Attorney General nominee Loretta Lynch is well-suited to help the Justice Department tackle the rising threat of cyber crime, according to lawmakers and former DOJ officials.
Lynch, a federal prosecutor in New York, has received considerable attention for her work on the issue, including the successful prosecution of eight New York-based members of an international cyber crime ring that hacked bank accounts and emptied $45 million from ATMs around the world.
{mosads}“She has actually prosecuted so many of these cases and she knows what this is like,” Senate Intelligence Committee Ranking Member Dianne Feinstein (D-Calif.) told The Hill. “She knows the agenda, she knows the viciousness.”
The next attorney general is expected to play a major role in a host of cyber issues, including reforming the National Security Agency, setting standards about what constitutes a digital crime and figuring out how to thwart cyber terrorists.
Lynch, who is widely expected to be confirmed after a positively-received Senate hearing this week, would also take her job as Congress vows to take action on long-stalled cybersecurity legislation.
“This is the best situated time I’ve seen in quite some time for progress to be made,” said Robert Cattanach, a cyber law expert and former DOJ attorney. “She could make a mark in a very positive way that would create some momentum.”
Senators hit on nearly all of DOJ’s looming cyber concerns during several hours of questioning at Lynch’s Senate Judiciary Committee nomination hearing Wednesday.
At one point, Sen. Lindsey Graham (R-S.C.) pressed Lynch about the expanding cyber capabilities of terrorist groups.
“Senator you’ve outlined the greatest fear of perhaps any prosecutor,” Lynch said. “It is certainly an emerging threat and calls for resources beyond just mere personnel, but in terms of our own technology also.”
The answer left Graham impressed.
“I think she’s very sincere, really good background, I think she’s a tough prosecutor and on the cyber threat, her answer was excellent,” he told The Hill.
Lynch will face tough cyber-challenges if she is confirmed.
“The biggest problem is the foreign jurisdiction problem,” Cattanach said. Hackers are “sitting safe behind the borders of other countries committing all variety of criminal acts in the United States.”
The DOJ has taken symbolic moves to dissuade foreign cyber attacks.
In May 2014, for example, the department indicted five members of the Chinese army for hacking the U.S. But none of those people are likely to ever see a day in U.S. court.

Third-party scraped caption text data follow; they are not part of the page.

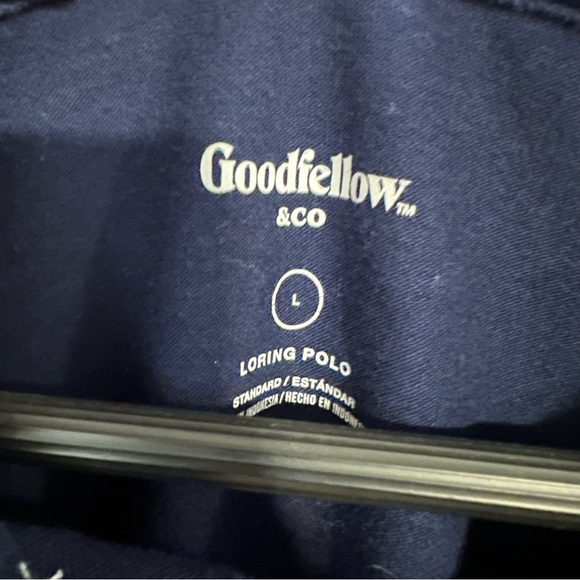 Dress Shirt - Picture 3 of 3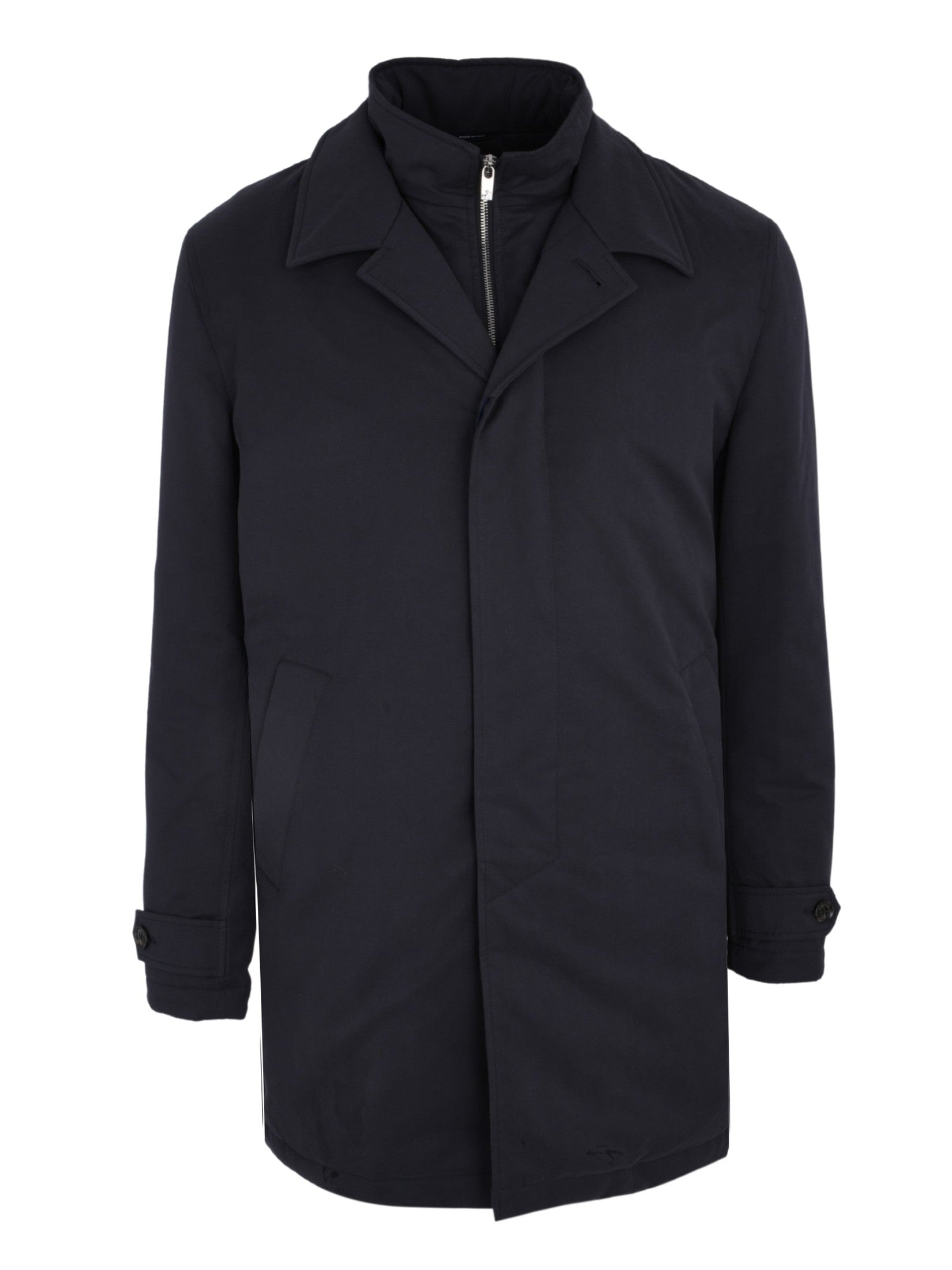 Trench coat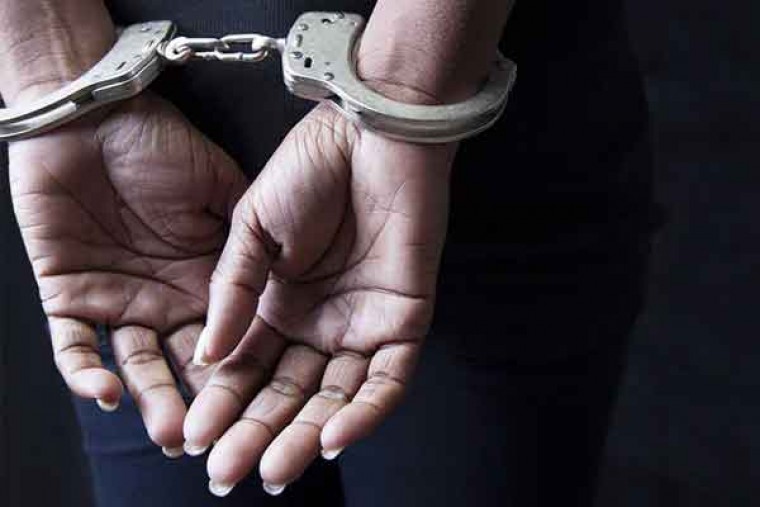 Hyderabad woman arrested for kidnapping TV anchor
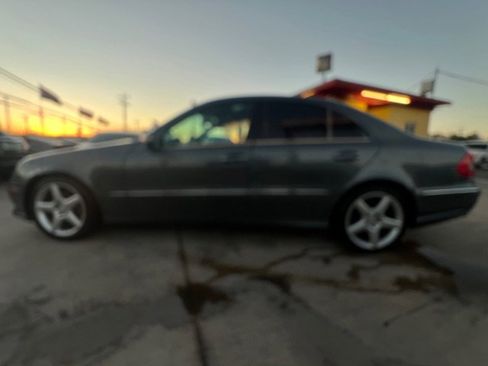 Used 2008 Mercedes-Benz E 350 Luxury image 8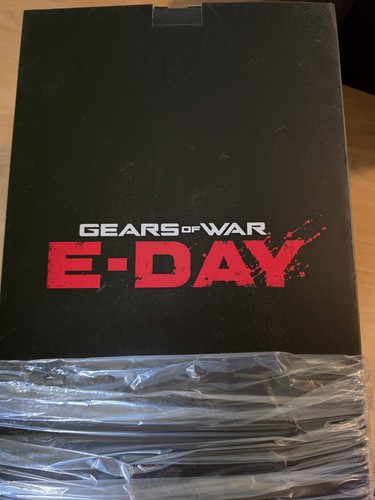 Gears war day limited - of,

If confirmed, Lynch will have to figure out how to go beyond symbolic measures.
The NSA’s surveillance programs are among the government’s more controversial tools.
By June 1, Congress must decide whether to reauthorize the NSA’s bulk collection of telephone records and the stockpiling of Internet users activity.
During Lynch’s hearing, Feinstein probed the nominee for her stance on Section 215 of the Patriot Act, which authorizes the phone records collection program and must be re-upped by June 1.
The oversight provisions in Section 215 provide “an effective check and certainly a necessary check,” said Lynch, who added that she was “open to discussions about how they can be modified.”
Feinstein, who believes the program is valuable but has previously backed legislation that would transfer the phone record data collection to major telecom companies, said she was satisfied with the answer.
The DOJ also struggles with ill-defined jurisdiction over cyber crime investigations, which Lynch would have to confront as department head, said lawmakers and former DOJ officials.
“I’m concerned about the structure within the department for handling cybersecurity,” Sen. Sheldon Whitehouse (D-R.I.) said during Lynch’s hearing.
The FBI, Secret Service and Department of Homeland Security all have a hand in cyber investigations, Whitehouse said. And within the DOJ, cyber “falls under the rubric of both the criminal division and the national security division.”
“I think you’ve outlined an important issue,” Lynch agreed.
The government has robust cyber capabilities spread across a number of departments, Cattanach said. They just don’t always work in concert.
“I don’t believe right now we have a structure that would allow an effective response by the United States government to foreign criminal actors that are attacking U.S. interests,” he said.
The DOJ has taken steps to centralize its own cyber resources. In October, the department restructured its national security division and U.S. Attorney’s offices with cyber threats in mind. In December, the DOJ created a dedicated cybersecurity unit within its criminal division.
But many think Lynch has a chance to go farther.
“There is no leadership that has been exercised on this,” Cattanach said. Lynch can make the DOJ that leader, he added.
“I think that’s where it would start.”